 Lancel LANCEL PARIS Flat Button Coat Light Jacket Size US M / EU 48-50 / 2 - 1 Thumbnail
* * *
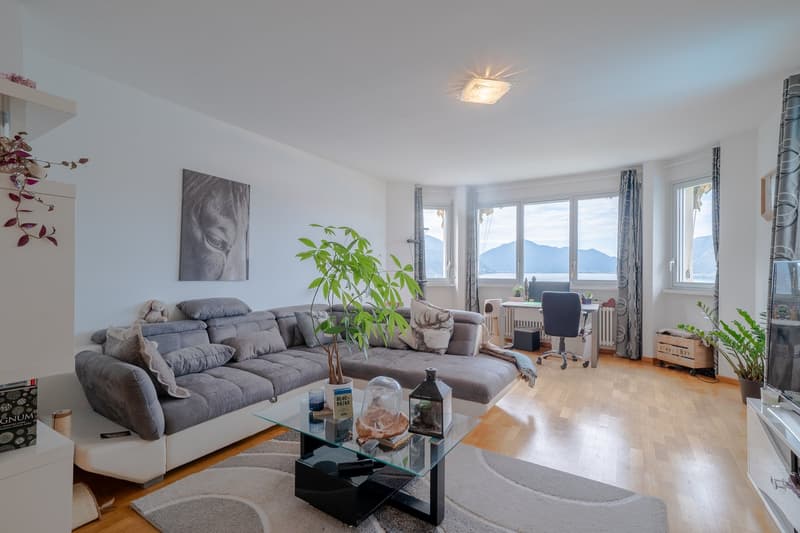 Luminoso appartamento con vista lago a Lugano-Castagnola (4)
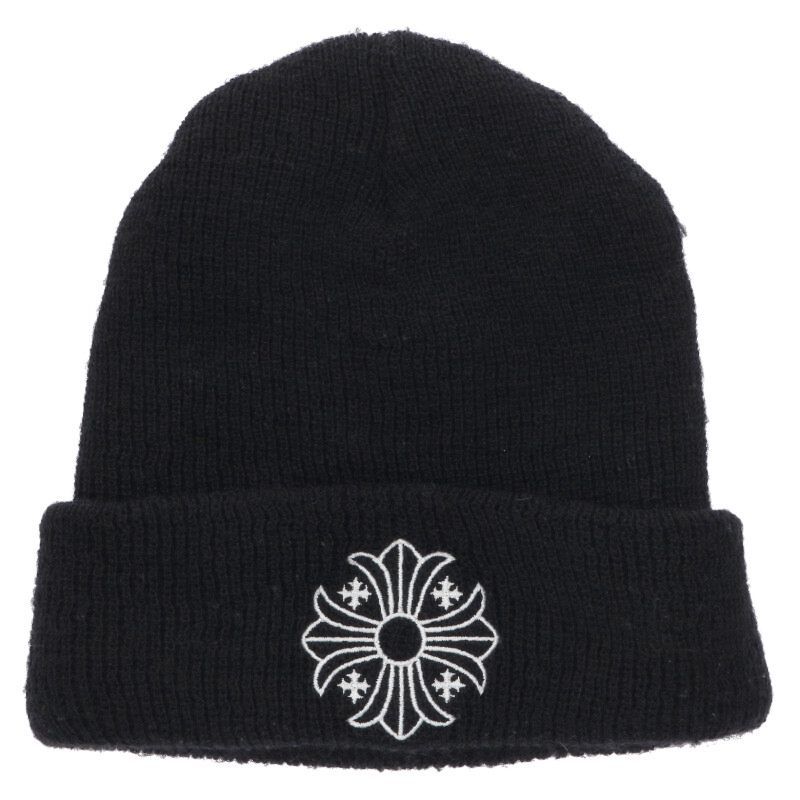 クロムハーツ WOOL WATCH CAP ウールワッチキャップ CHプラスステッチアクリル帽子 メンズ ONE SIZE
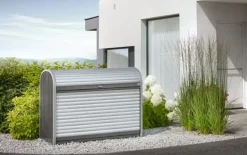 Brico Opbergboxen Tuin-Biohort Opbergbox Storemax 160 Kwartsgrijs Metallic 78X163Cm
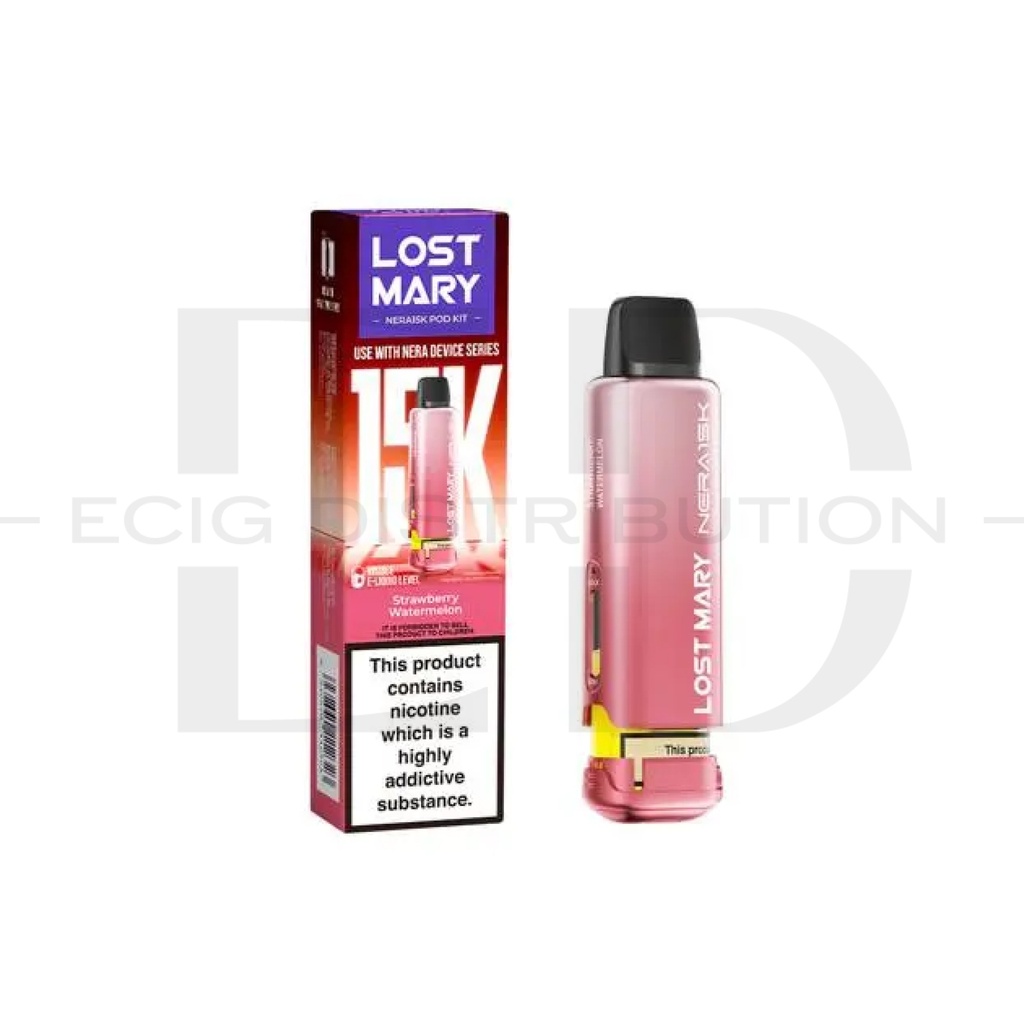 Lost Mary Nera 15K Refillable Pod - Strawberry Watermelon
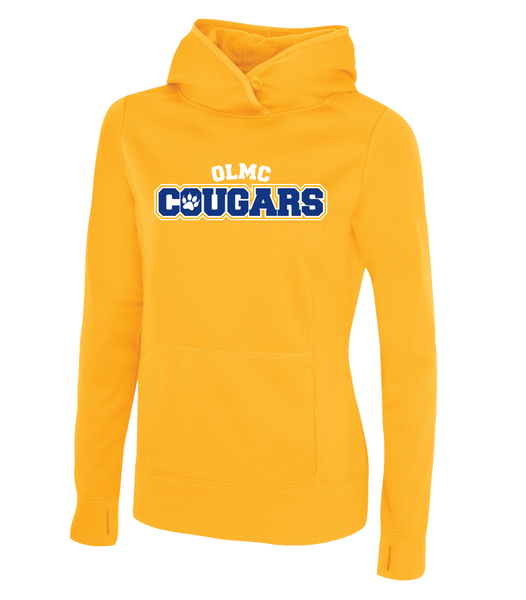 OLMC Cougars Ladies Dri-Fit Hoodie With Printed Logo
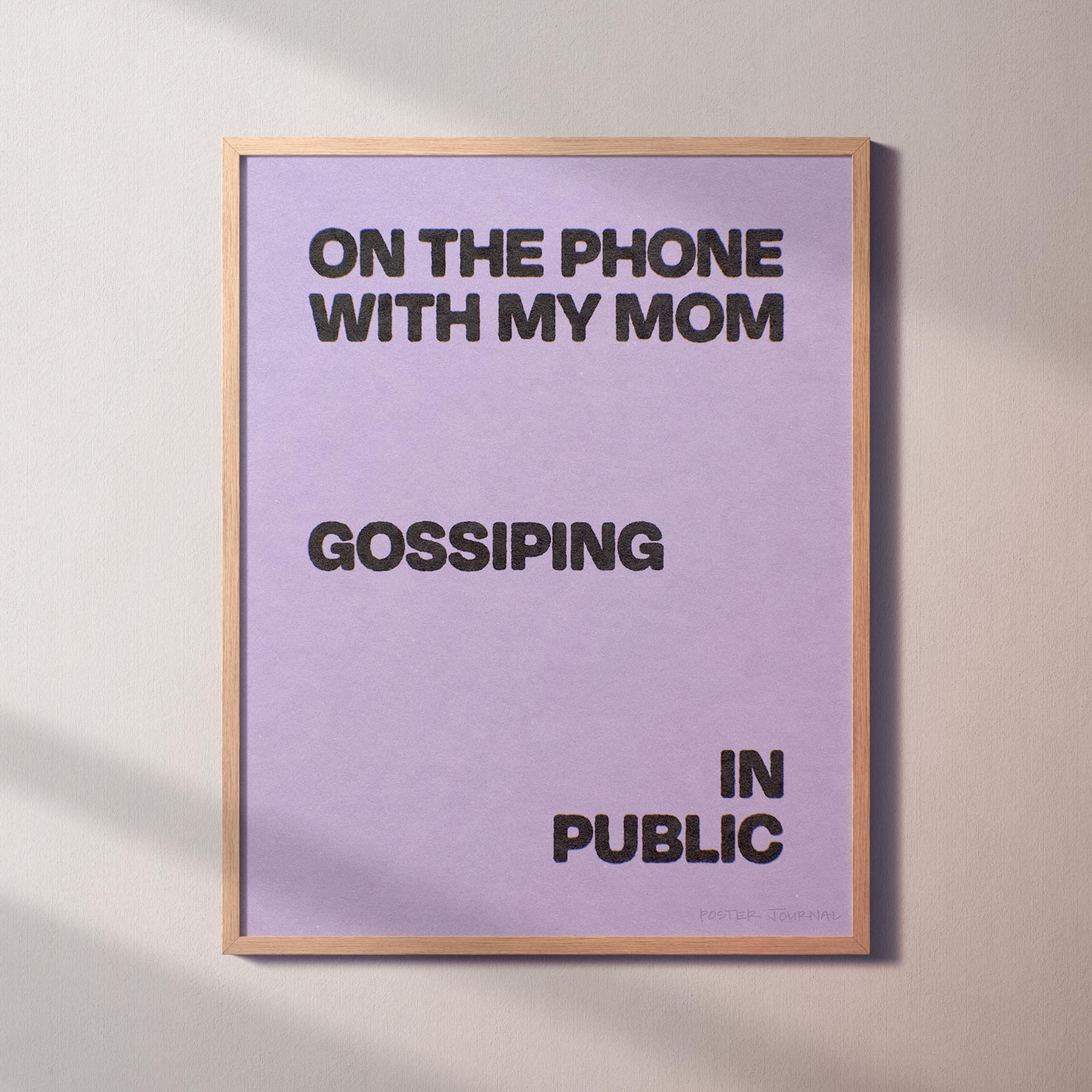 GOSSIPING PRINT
...
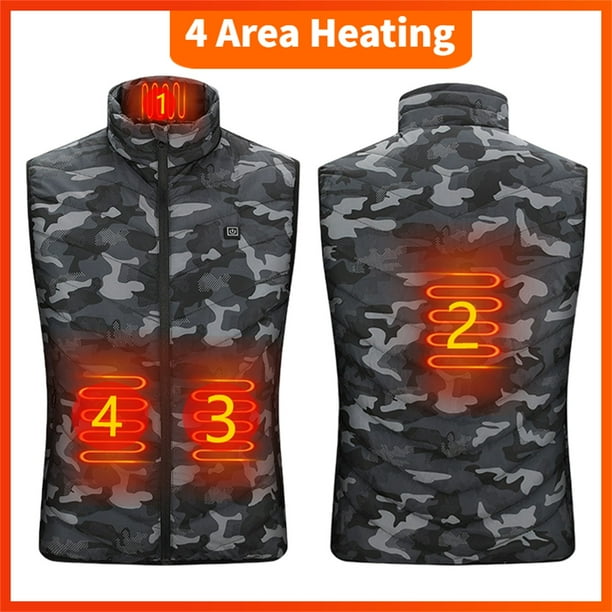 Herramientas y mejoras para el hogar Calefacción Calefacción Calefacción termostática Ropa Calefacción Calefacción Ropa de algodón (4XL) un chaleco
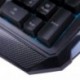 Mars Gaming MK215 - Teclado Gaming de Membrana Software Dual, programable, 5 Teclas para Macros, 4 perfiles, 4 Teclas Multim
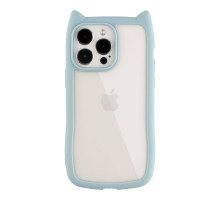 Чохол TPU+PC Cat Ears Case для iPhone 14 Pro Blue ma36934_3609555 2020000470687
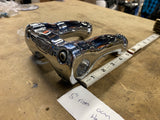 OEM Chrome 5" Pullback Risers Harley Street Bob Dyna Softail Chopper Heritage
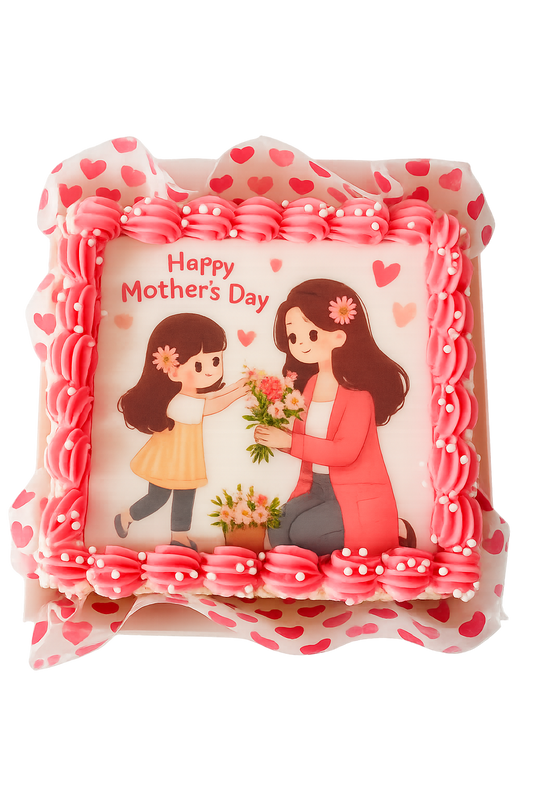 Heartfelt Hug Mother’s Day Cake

TASK DETAILS: Every line above from the one with "Brico Opbergboxen Tuin-Biohort" down to the one with "GOSSIPING PRINT" must be written out exactly, and no picture may appear.

COMPLETED TASK:
 Brico Opbergboxen Tuin-Biohort Opbergbox Storemax 160 Kwartsgrijs Metallic 78X163Cm
 Lost Mary Nera 15K Refillable Pod - Strawberry Watermelon
 OLMC Cougars Ladies Dri-Fit Hoodie With Printed Logo
 GOSSIPING PRINT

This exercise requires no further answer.